Suriye halkının ve genel manada bölgede halklarının acısını dindirecek, yoksulluk ve sefalet tablosuna son verecek olan halkların birliği ve ortak mücadelesidir. Bu nedenle bölgede bugün asıl görev, emperyalist saldırganlığa ve işgallere karşı ezilen halkların dayanışmasını büyütmek ve anti-emperyalist mücadele bilincini işçi ve emekçi yığınlara taşımaktır. İsrail’in Gazze ve Lübnan’daki işgal saldırılarına karşı uluslararası planda sergilenen dayanışma oldukça anlamlıdır. Bu yönlü pratiklerin çoğalması, aynı zamanda savaş sahalarında mücadele eden ilerici-anti-emperyalist güçlere büyük bir moral kaynağı olur. Pratik sahadaki çalışmalarına güç katar. Açık ki, bölgedeki anti-emperyalist anlayışların güçlenmesi ancak ezilen halkların birliğiyle-birleşik mücadelesiyle mümkün olabilir.

Bugün sahada olan ve halkların birliğini hançerleyen cihatçı-çeteci gruplar esas olarak emperyalizm ve yerel gericiliğin piyonu durumundalar. Sözgelimi, SMO, HTŞ gibi çeteci grupların Suriye ve bir bütün olarak bölge halklarına sunacakları bir gelecek yoktur. Bunların öncelleri olan Taliban, IŞİD gibi güçlerin icraatları, emperyalistler ve suç ortakları tarafında bugün “değişim” söylemi ile cilalanıp piyasaya sürülen HTŞ’nin yapacaklarının teminatıdır.

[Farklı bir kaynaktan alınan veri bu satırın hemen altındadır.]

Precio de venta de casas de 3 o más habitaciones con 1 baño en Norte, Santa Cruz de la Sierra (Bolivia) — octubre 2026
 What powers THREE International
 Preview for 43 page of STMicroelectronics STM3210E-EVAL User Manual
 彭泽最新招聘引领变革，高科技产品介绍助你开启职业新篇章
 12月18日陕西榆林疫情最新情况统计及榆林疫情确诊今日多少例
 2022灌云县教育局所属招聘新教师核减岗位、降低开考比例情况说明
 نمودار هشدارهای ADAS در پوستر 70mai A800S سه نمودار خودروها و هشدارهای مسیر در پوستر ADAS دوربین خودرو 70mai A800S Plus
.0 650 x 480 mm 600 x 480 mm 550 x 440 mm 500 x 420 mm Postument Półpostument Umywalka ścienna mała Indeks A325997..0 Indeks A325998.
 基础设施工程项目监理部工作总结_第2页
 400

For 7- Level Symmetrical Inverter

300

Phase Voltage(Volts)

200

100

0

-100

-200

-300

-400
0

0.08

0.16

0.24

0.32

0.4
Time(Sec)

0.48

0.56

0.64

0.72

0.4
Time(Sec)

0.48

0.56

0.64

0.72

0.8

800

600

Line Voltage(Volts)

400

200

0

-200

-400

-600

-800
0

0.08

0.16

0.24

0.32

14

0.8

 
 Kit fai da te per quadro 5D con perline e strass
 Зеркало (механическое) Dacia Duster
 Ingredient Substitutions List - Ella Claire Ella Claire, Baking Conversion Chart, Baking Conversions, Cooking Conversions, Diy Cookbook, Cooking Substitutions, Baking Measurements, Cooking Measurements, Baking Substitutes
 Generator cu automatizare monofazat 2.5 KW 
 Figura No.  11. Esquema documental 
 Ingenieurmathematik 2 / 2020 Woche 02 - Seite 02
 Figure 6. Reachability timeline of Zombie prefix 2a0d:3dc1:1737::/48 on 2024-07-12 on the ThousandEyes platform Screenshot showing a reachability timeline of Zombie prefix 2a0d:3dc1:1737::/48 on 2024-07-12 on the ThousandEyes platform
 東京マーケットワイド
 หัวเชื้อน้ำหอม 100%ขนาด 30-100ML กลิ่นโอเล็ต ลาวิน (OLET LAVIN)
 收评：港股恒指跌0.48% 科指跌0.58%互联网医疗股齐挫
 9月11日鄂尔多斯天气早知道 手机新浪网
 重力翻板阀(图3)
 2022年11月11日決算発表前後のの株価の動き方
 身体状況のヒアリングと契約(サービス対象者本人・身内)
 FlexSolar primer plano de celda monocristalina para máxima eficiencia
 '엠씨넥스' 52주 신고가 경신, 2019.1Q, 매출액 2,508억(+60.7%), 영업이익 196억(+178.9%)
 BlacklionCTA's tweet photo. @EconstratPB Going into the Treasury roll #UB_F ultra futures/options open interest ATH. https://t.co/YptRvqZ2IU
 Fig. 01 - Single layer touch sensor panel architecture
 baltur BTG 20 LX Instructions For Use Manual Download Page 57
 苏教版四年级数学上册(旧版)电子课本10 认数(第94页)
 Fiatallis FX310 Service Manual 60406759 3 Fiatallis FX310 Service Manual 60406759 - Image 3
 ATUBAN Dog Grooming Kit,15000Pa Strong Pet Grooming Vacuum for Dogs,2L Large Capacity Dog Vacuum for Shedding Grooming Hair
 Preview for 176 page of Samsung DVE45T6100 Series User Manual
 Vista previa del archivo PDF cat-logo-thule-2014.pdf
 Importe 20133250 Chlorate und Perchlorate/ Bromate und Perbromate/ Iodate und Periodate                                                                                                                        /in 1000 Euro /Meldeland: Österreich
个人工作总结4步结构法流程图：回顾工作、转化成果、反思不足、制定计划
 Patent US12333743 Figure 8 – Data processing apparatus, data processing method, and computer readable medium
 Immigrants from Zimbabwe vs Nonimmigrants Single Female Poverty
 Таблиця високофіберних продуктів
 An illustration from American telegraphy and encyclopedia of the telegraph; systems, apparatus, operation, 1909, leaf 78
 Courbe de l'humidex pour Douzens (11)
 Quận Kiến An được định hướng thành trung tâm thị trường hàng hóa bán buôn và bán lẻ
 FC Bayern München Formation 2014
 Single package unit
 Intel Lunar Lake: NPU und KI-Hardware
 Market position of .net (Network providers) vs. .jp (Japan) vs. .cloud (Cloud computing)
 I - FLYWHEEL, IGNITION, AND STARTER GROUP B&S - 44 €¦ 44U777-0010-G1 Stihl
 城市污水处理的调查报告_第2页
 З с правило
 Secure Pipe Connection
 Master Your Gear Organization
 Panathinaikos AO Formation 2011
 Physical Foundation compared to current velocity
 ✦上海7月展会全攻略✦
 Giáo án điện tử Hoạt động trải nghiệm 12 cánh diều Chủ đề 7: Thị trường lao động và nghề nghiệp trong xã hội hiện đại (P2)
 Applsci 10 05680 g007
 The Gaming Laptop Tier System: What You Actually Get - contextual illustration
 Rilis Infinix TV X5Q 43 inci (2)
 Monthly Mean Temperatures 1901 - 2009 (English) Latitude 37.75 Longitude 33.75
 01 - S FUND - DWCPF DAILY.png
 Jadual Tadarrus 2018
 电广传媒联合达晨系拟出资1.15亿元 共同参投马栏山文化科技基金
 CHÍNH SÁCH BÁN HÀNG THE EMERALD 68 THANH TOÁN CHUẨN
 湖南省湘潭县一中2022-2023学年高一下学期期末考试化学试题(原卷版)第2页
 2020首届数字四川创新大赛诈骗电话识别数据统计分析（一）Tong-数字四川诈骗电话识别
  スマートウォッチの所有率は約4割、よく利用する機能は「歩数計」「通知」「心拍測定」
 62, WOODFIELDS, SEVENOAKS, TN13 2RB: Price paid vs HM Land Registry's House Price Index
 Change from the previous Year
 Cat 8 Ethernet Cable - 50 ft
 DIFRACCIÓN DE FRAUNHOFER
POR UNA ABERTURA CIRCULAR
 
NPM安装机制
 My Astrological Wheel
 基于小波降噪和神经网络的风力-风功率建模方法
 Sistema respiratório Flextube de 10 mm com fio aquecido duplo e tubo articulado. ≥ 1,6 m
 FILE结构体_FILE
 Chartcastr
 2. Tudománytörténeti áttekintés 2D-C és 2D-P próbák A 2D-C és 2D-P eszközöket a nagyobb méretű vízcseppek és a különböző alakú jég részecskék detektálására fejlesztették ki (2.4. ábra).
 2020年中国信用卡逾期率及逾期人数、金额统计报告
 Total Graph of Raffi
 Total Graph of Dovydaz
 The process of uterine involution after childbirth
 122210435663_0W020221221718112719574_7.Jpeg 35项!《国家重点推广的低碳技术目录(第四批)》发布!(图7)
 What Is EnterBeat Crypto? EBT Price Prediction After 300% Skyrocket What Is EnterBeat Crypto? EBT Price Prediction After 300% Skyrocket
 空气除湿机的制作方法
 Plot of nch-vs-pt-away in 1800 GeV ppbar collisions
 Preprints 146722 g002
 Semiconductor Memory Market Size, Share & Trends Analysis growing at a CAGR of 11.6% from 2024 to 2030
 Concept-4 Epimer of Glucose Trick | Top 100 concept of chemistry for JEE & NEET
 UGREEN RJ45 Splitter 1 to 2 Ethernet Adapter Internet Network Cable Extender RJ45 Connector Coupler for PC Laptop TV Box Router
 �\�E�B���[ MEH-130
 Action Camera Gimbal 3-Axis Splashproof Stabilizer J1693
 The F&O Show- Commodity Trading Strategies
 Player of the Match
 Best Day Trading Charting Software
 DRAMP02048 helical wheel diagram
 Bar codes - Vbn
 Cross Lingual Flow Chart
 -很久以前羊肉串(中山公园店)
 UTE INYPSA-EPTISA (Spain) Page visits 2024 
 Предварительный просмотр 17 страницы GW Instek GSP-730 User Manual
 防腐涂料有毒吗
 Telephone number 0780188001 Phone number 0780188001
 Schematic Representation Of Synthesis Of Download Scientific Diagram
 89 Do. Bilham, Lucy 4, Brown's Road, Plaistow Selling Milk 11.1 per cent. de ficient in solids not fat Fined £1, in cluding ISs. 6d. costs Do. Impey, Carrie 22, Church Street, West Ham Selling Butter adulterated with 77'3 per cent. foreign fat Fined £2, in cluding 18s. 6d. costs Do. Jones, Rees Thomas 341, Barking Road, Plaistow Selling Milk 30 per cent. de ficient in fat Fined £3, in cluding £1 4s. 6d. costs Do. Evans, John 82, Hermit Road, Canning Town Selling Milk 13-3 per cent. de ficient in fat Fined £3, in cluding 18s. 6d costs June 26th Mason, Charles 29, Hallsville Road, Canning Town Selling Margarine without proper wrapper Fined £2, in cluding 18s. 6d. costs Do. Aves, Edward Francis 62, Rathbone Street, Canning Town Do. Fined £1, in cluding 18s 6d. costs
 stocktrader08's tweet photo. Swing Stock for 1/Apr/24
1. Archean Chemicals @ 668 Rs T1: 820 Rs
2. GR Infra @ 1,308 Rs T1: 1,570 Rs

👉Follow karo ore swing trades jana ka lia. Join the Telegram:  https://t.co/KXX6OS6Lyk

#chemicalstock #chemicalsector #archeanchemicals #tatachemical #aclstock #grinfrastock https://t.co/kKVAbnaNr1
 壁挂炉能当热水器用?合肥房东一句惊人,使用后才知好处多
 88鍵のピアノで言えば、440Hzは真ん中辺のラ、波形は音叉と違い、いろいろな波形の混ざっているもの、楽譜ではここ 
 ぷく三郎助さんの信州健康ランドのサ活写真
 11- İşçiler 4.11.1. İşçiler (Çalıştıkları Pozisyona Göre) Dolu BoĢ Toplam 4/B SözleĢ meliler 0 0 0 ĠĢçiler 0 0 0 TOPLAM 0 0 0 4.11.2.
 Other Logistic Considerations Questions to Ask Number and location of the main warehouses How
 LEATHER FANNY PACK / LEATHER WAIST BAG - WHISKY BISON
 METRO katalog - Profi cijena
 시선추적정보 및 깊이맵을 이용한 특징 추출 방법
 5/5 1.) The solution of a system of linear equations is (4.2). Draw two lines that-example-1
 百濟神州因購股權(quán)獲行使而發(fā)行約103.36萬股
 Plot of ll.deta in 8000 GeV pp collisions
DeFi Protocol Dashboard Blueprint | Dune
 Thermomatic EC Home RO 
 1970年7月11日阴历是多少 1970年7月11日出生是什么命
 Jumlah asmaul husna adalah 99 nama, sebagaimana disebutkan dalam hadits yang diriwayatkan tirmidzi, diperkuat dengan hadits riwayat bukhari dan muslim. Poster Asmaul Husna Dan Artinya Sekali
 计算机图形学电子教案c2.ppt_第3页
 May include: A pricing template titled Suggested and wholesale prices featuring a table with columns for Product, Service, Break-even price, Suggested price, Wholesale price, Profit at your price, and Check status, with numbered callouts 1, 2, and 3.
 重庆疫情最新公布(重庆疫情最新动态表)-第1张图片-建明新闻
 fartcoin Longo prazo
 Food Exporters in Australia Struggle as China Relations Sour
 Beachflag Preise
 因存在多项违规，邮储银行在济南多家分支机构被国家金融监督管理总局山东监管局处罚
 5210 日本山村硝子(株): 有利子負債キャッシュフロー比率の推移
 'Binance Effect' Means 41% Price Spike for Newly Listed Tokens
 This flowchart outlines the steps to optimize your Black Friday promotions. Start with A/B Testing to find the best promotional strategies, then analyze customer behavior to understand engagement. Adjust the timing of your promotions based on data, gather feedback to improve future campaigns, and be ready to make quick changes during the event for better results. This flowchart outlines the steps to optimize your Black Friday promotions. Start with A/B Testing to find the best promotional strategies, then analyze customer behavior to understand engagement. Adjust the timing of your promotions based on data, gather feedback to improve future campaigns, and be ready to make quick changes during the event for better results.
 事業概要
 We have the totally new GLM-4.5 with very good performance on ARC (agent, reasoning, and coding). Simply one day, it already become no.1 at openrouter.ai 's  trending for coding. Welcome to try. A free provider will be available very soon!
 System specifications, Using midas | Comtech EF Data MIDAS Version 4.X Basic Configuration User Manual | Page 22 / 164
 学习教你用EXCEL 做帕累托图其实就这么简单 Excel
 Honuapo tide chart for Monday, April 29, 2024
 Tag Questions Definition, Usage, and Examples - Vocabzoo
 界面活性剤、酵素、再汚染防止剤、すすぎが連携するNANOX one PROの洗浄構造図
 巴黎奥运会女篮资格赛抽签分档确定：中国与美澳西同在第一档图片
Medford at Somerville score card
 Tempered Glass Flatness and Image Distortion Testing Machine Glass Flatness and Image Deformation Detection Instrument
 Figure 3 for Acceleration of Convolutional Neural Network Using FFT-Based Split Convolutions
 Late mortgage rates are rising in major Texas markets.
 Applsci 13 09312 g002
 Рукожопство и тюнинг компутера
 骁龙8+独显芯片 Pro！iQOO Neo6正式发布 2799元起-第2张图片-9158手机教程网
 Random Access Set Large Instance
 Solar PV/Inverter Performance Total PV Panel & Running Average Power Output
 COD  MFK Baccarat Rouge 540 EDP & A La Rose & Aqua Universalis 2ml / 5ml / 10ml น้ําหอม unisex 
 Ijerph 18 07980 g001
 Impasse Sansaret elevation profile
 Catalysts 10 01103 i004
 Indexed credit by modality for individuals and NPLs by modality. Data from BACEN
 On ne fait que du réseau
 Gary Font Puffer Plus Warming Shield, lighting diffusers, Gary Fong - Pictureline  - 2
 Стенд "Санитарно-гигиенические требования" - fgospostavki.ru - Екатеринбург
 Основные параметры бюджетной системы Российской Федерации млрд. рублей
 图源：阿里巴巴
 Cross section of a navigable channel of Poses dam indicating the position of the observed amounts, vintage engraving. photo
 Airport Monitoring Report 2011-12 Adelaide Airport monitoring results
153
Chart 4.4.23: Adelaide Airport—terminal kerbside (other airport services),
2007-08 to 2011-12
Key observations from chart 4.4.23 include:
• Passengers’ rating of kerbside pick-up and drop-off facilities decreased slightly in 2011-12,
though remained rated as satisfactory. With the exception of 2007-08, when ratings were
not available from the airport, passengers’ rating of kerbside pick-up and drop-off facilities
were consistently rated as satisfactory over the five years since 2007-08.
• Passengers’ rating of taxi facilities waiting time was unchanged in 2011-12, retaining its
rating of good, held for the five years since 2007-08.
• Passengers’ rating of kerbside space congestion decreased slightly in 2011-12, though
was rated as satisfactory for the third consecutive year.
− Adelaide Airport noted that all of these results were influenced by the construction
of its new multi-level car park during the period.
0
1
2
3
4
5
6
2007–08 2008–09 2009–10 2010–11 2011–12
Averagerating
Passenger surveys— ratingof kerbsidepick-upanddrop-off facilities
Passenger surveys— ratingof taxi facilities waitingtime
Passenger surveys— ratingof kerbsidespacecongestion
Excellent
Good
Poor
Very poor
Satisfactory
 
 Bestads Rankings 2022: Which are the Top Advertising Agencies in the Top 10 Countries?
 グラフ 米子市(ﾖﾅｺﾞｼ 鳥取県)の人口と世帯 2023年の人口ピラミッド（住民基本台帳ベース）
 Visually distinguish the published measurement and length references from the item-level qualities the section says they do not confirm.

Bilindiği gibi, bu gibi güçler koşullara uygun olarak sıkça gömlek değiştirir ama özde değişmezler. Enternasyonal proletarya her koşulda haklı ve meşru mücadeleden yanadır. Bu anlayış doğrultusunda, Rojava halkının direnişini sahiplenir. Suriye halkının özgürce kendi geleceğini belirleme hakkına saygı duyar. Filistin, Lübnan halkının İşgalci güçlere karşı yürüttüğü mücadeleyi meşru bir hak olarak görür. Enternasyonal proletarya koşullar ne kadar zor olursa olsun, her şart altında emperyalistlere, haksız savaşlara, yoksulluğa ve sefalete karşı yaşasın halkların birleşik mücadelesi şiarını haykırır.